Humoral theory: The earliest theory of cancer was based on the humoral theory of disease articulated by Hippocrates (460-370 BC). Hippocrates believed that the body had 4 humors (body fluids) -- blood, phlegm, yellow bile, and black bile. When the humors were balanced, a person was healthy. Too much or too little of any of them caused disease. An excess of black bile in various body sites was thought to cause cancer. This theory of cancer was passed on by the Romans and was embraced by the influential doctor Galen. Galen's humoral theory (130-200AD) of the causation of cancer which lasted for thousands of years and it postulated that cancer was caused due to solidification of excess of black bile in certain parts of the body.

Lymph theory: The theory that replaced the humoral theory of cancer was the lymph theory. Stahl and Hoffman theorized that cancer was composed of fermenting and degenerating lymph varying in density, acidity, and alkalinity. The eminent surgeon John Hunter (1723-1792) agreed that tumours grow from lymph constantly thrown out by the blood. The work of Le Dran (1685-1770) was an important landmark in the evolution of oncology which stated that cancer starts as a local disease and it later spreads through the lymphatic vessels to lymph nodes and eventually into the general circulation (Galluci, 1985).

Parasite theory: In the 17th and 18th centuries, some researchers believed that cancer was contagious. In fact, the first cancer hospital in France was forced to move from the city in 1779 because of the fear of the spread of cancer throughout the city (Plimmer, 1903).

Blastema theory: In 1838, German pathologist Johannes Muller demonstrated that cancer is made up of cells and not lymph, but he believed that cancer cells did not arise from normal cells.
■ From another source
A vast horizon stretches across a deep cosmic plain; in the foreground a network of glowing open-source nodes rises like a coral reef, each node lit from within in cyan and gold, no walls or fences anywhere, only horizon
Muller proposed that cancer cells arose from budding elements (blastema) between normal tissues. His student, Rudolph Virchow (1821-1902), the famous German pathologist, later determined that all cells, including cancer cells, are derived from other cells (Raven, 1990).

Chronic irritation theory: Rudolph Virchow proposed that chronic irritation was the cause of cancer, but he falsely believed that cancers "spread like a liquid." A German surgeon, Karl Thiersch, showed that cancers metastasize through the spread of malignant cells and not through some unidentified fluid (Raven, 1990).

Trauma theory: Despite advances in the understanding of cancer, from the late 1800s until the 1920s, trauma was thought by some to cause cancer. This belief was maintained despite the failure of injury to cause cancer in experimental animals.

It was after the 1920s that various chemotherapeutic drugs, carcinogens and various advanced means of diagnostic techniques have been developed. Chemotherapy and Radiation are extensively used in the treatment of cancer from the past few decades. Though not all cancers are treated but at least some are. Hence, it is evident that the efforts put on the research across the past centuries have revolutionized the understanding of cancer for us today.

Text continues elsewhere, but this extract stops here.